Conformément à l'article 30.3 du Règlement d'arbitrage de la CCJA, la jonction du recours en contestation de validité contre une sentence arbitrale et de la requête aux fins d'exequatur de la même sentence doit être ordonnée, dès lors que les deux procédures sont liées.

L'équité et la bonne administration de la justice commandent, pour éviter tout déni de justice et donc toute insécurité juridique, qu'un tribunal arbitral connaisse obligatoirement et tranche le fond d'un litige dont aucune juridiction étatique nationale ne peut plus connaître.
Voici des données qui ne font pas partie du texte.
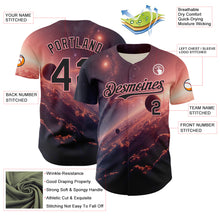 Charger l&#39;image dans la galerie, Custom Black Medium Pink 3D Pattern Design Outer Space Solar Authentic Baseball Jersey
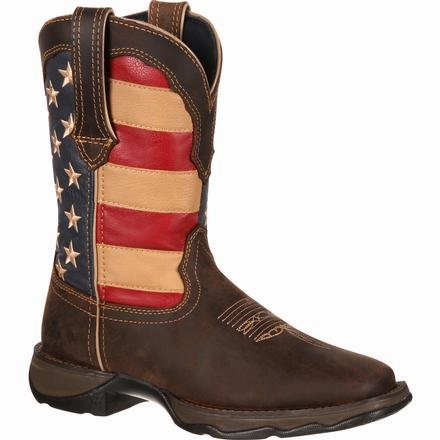 DURANGO LADY REBEL PATRIOTIC WOMENS PULL-ON WESTERN FLAG BOOT STYLE RD4414 Water Wall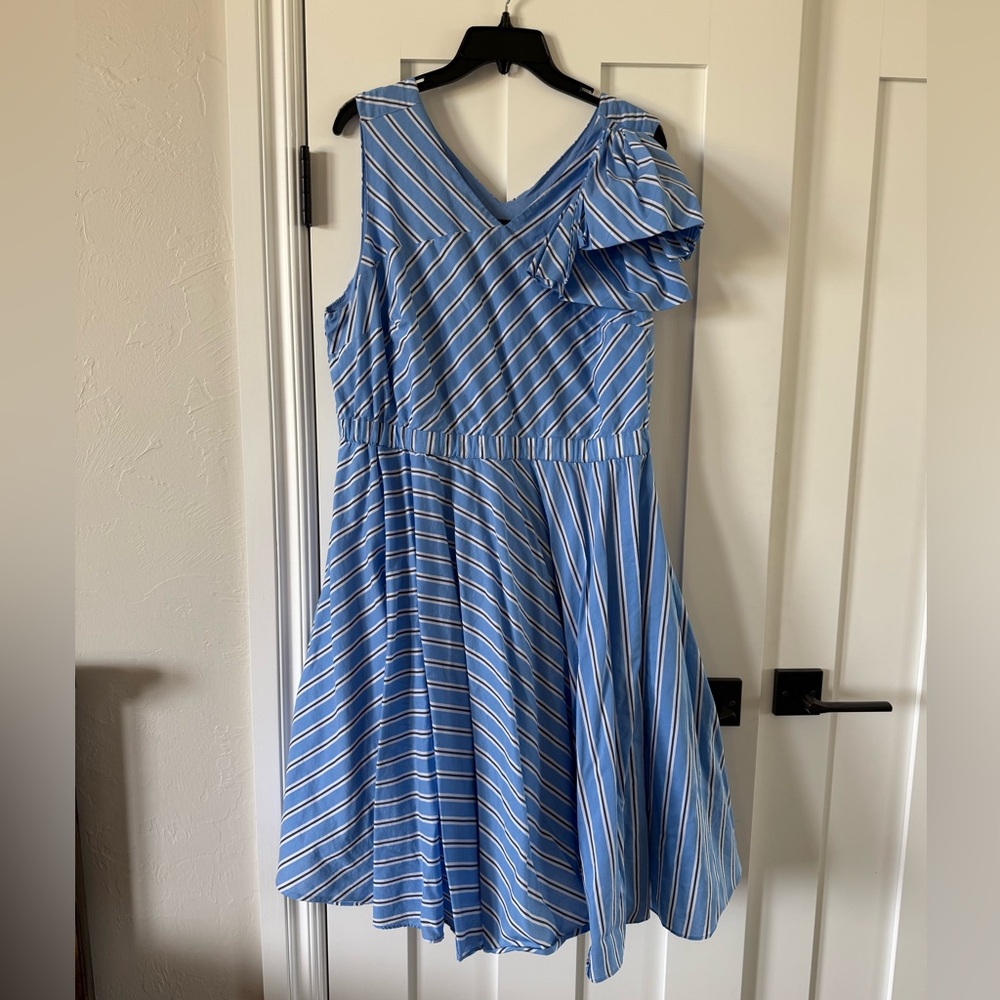 Lane Bryant Blue and White Striped Dress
Il en est ainsi dès lors que, par une décision ayant acquis l'autorité de la chose jugée, les juridictions étatiques nationales ont décidé, sur le fondement de la convention d'arbitrage insérée dans le contrat des parties, que l'affaire relève de la compétence d'une juridiction arbitrale et non d'une juridiction étatique.

Le tribunal arbitral désigné par la CCJA est compétent bien que la convention d'arbitrage ne vise pas expressément l'arbitrage CCJA, dès lors que d'une part, aucun autre centre d'arbitrage n'a été choisi et que d'autre part, toutes les parties ont signé le procès-verbal constatant l'objet de l'arbitrage et fixant le déroulement de la procédure arbitrale et ont convenu de l'application du Règlement d'arbitrage de la CCJA comme règles de la procédure, démontrant ainsi leur volonté commune de soumettre le litige à un tribunal arbitral sous l'égide de la CCJA.

La renonciation ne se présume pas. S'agissant, en l'espèce, d'une convention d'arbitrage non écrite, la demanderesse est censée ne pas avoir renoncé au recours en contestation de validité de la sentence prescrit par l'article 29.2 alinéa 1 du Règlement d'arbitrage de la CCJA, dès lors qu'il ne résulte d'aucune pièce versée au dossier que les parties à ladite convention ont entendu renoncer explicitement audit recours.

Pour prospérer, la demande d'évocation doit résulter de la volonté commune de toutes les parties.